Aim of the exercise:
Every line below from the one with "2 Задание 2.Степень" through the one with "北京首钢金鹰女垒出征美国垒球职业联赛" should be retyped exactly, both ends included; no other lines and no pictures.

-- Records for processing follows --

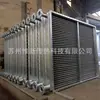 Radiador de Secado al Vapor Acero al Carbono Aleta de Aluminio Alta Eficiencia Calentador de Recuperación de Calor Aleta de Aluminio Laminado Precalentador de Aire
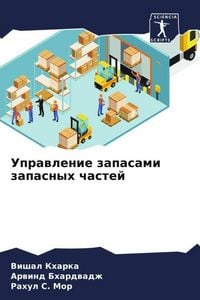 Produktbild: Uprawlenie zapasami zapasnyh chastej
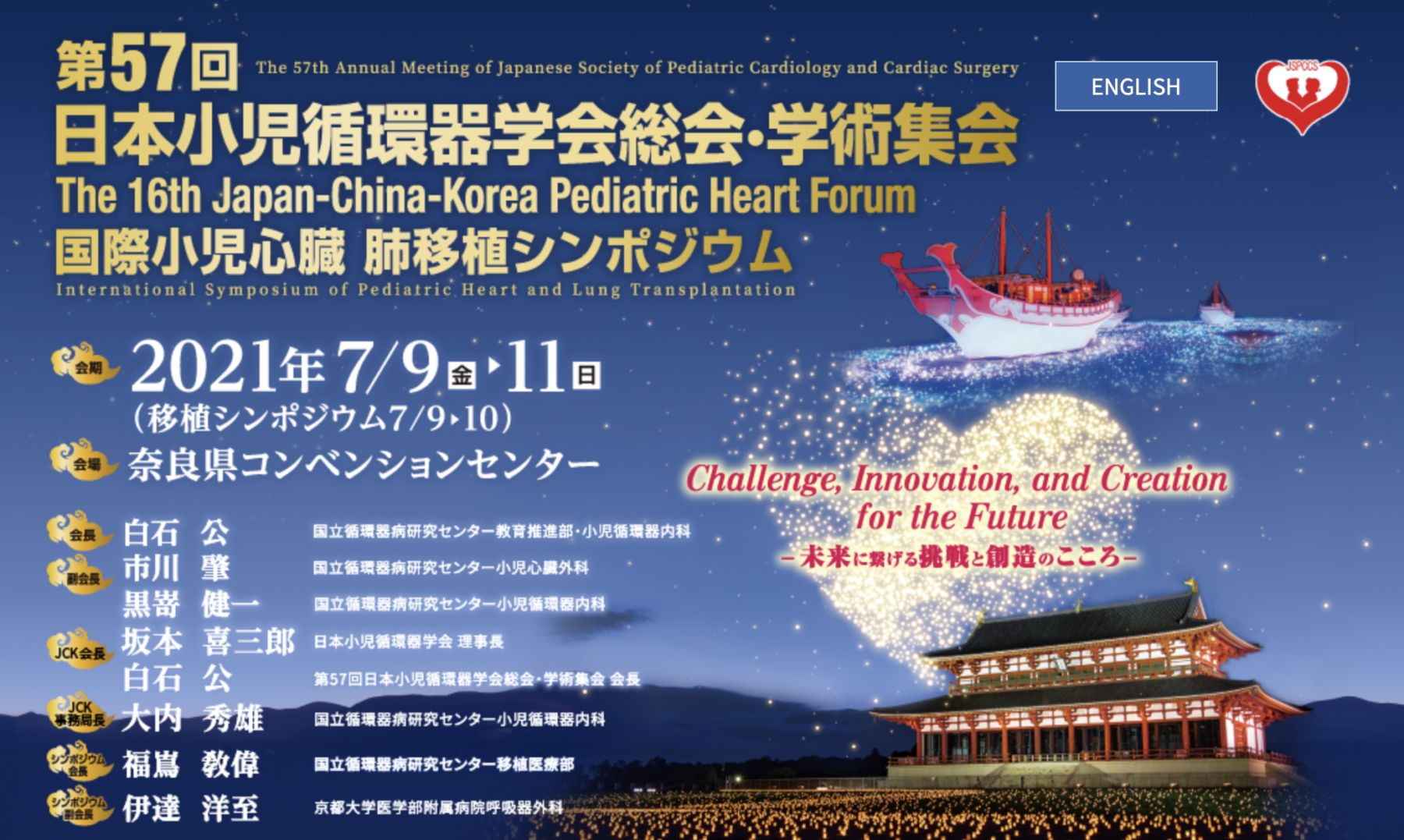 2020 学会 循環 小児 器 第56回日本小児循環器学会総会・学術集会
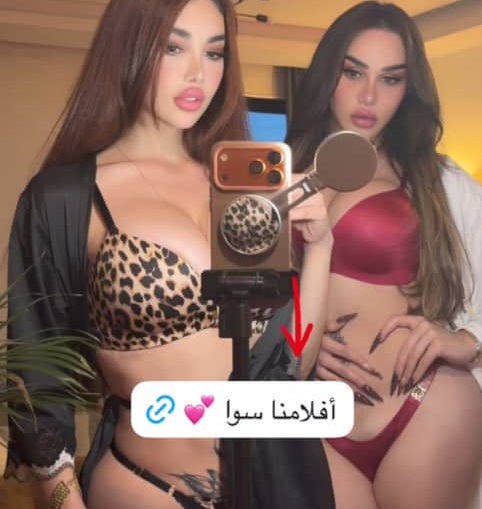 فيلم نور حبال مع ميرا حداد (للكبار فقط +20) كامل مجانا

-- Records for processing concluded --
-- Records for processing follows --

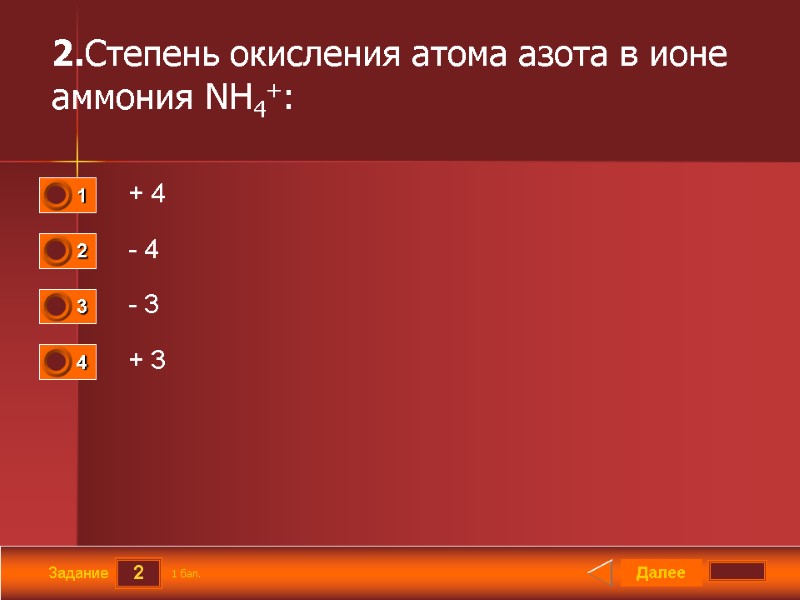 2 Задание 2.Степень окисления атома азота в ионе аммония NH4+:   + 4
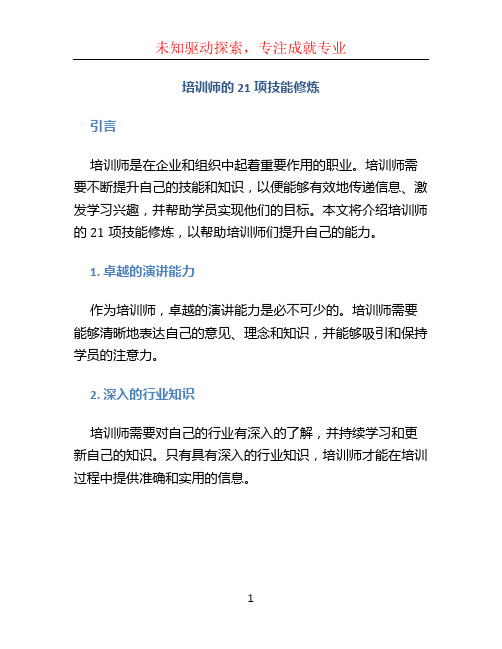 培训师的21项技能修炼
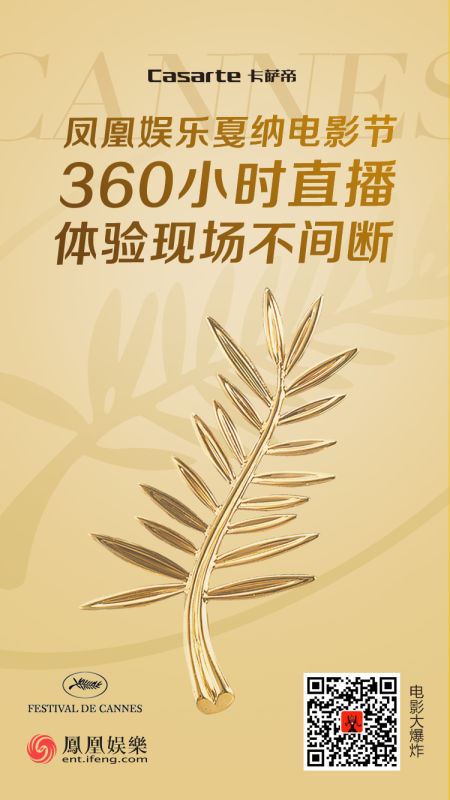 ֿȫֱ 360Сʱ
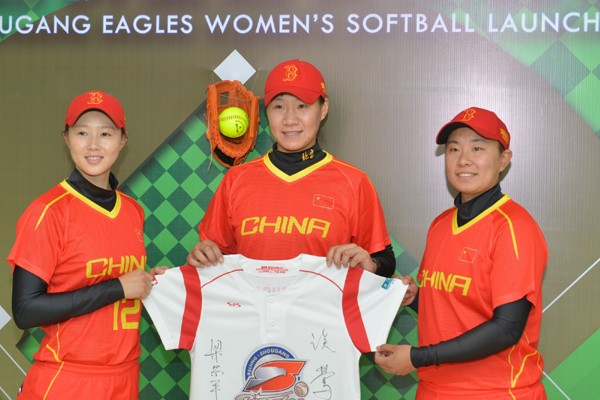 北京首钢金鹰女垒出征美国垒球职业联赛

-- Records for processing concluded --

Your response:
 2 Задание 2.Степень окисления атома азота в ионе аммония NH4+:   + 4
 培训师的21项技能修炼
 ֿȫֱ 360Сʱ
 北京首钢金鹰女垒出征美国垒球职业联赛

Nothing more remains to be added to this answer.